* Activity *
Restate, word for word, the run of lines that starts at the line containing "Habitación de hotel" and ends with the final line of the listing. Leave pictures out.
____
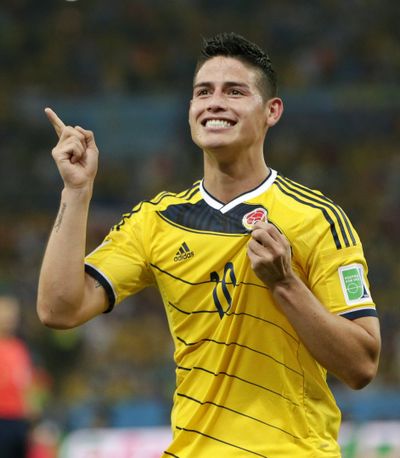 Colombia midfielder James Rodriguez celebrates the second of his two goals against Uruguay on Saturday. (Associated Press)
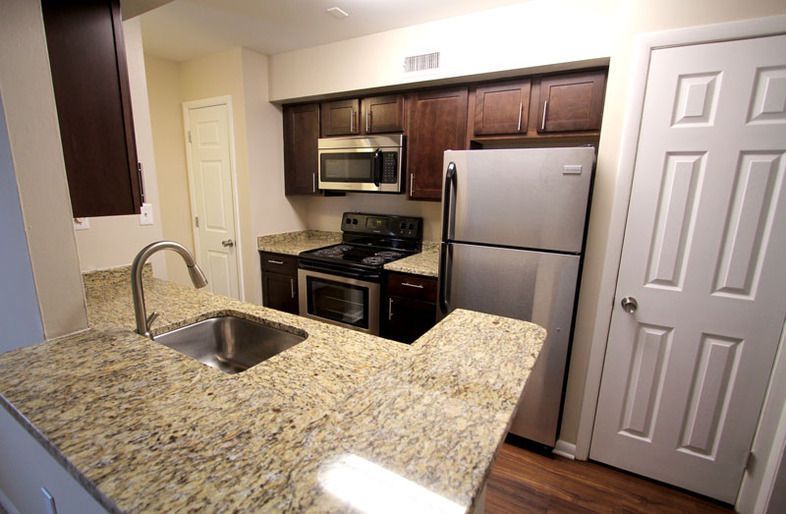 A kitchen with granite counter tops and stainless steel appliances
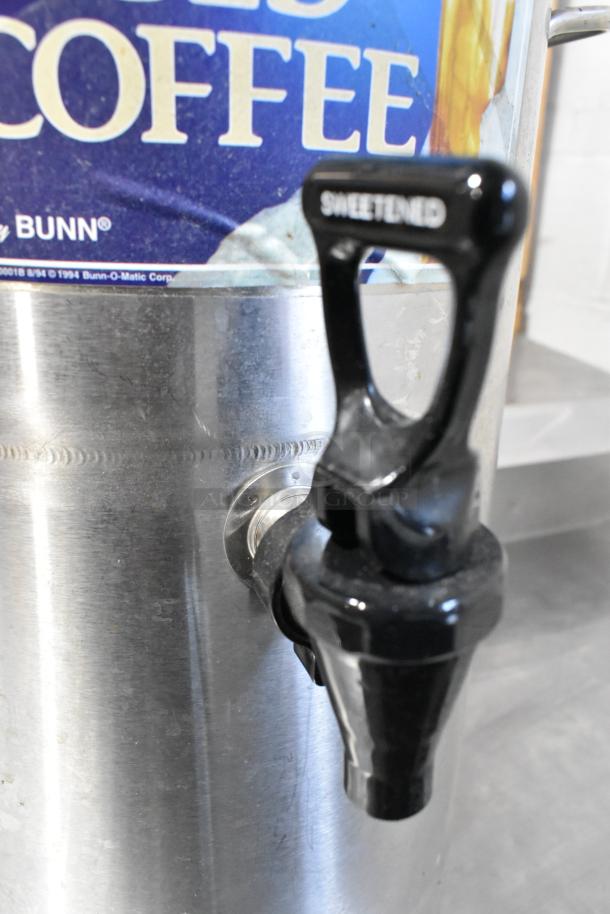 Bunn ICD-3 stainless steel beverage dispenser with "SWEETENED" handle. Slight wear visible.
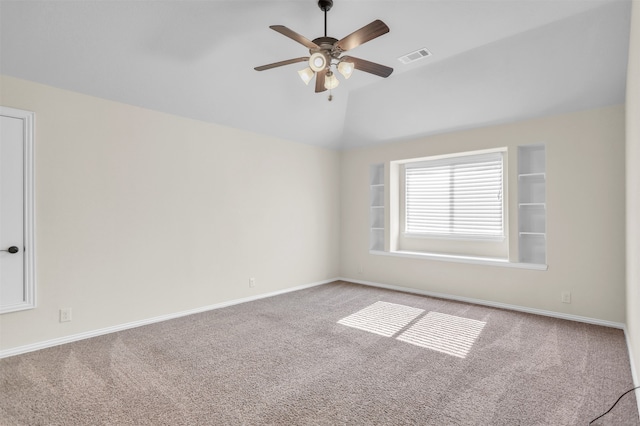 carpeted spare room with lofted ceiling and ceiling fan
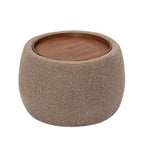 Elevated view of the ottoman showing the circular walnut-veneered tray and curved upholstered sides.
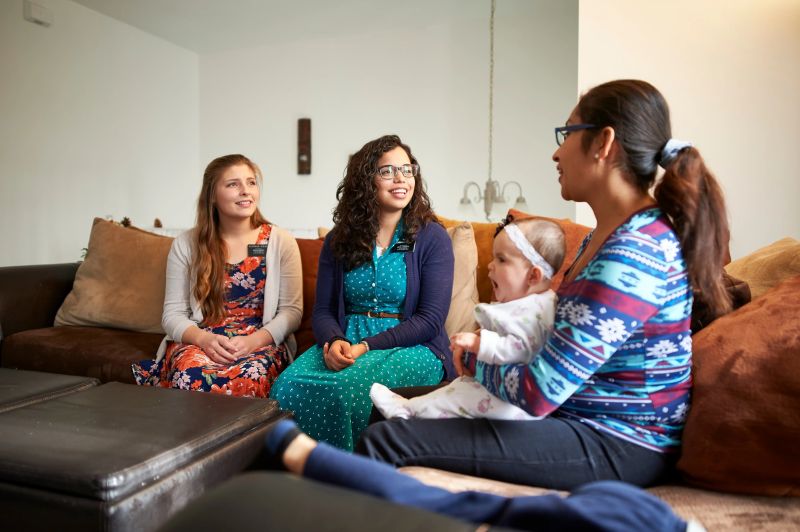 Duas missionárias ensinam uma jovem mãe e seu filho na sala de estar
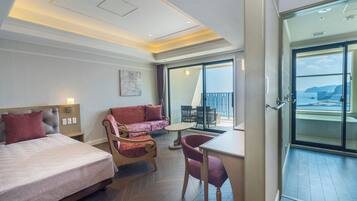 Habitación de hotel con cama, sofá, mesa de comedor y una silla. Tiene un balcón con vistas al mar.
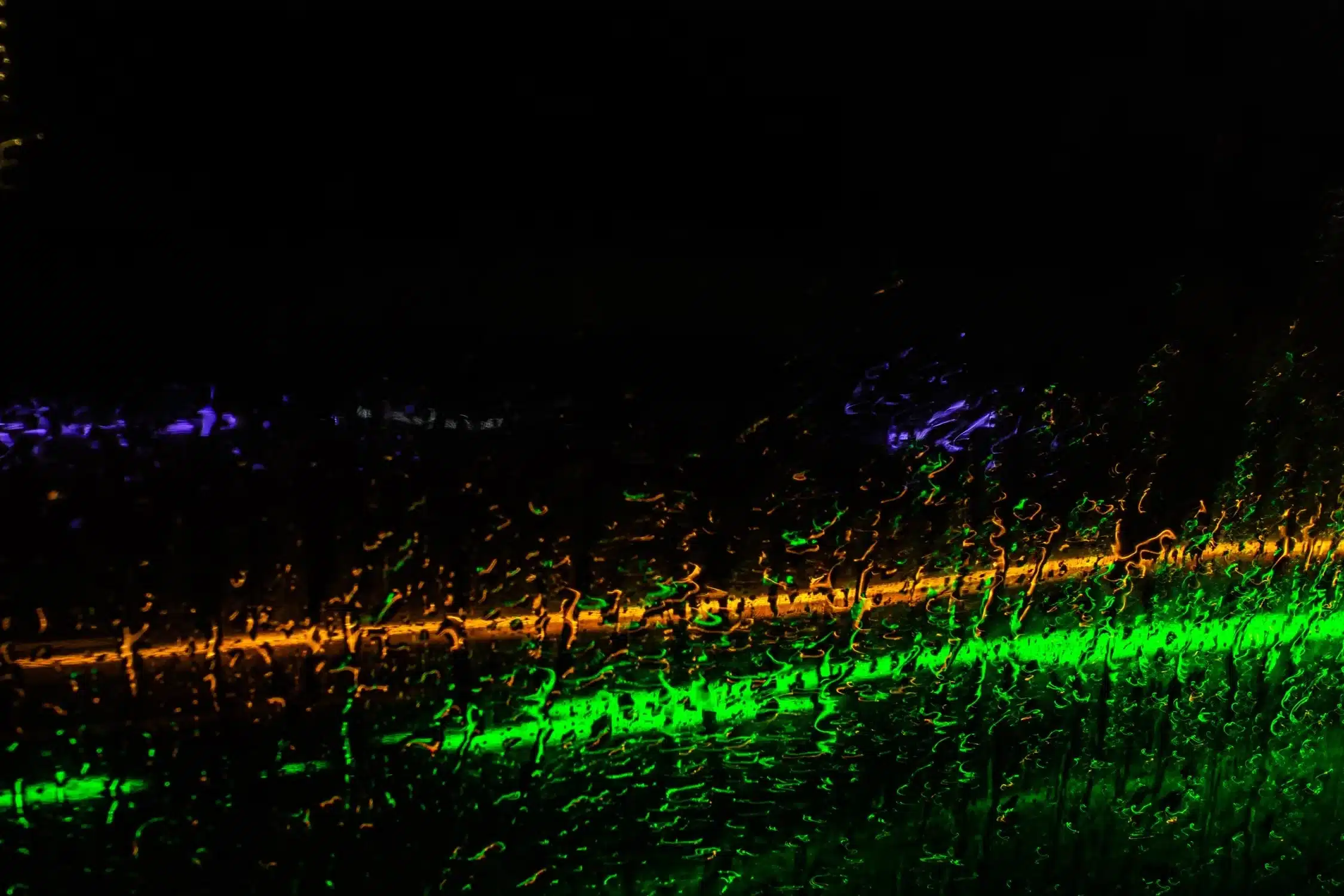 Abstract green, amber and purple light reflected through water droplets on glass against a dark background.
____
* Exercise result *
 Habitación de hotel con cama, sofá, mesa de comedor y una silla. Tiene un balcón con vistas al mar.
 Abstract green, amber and purple light reflected through water droplets on glass against a dark background.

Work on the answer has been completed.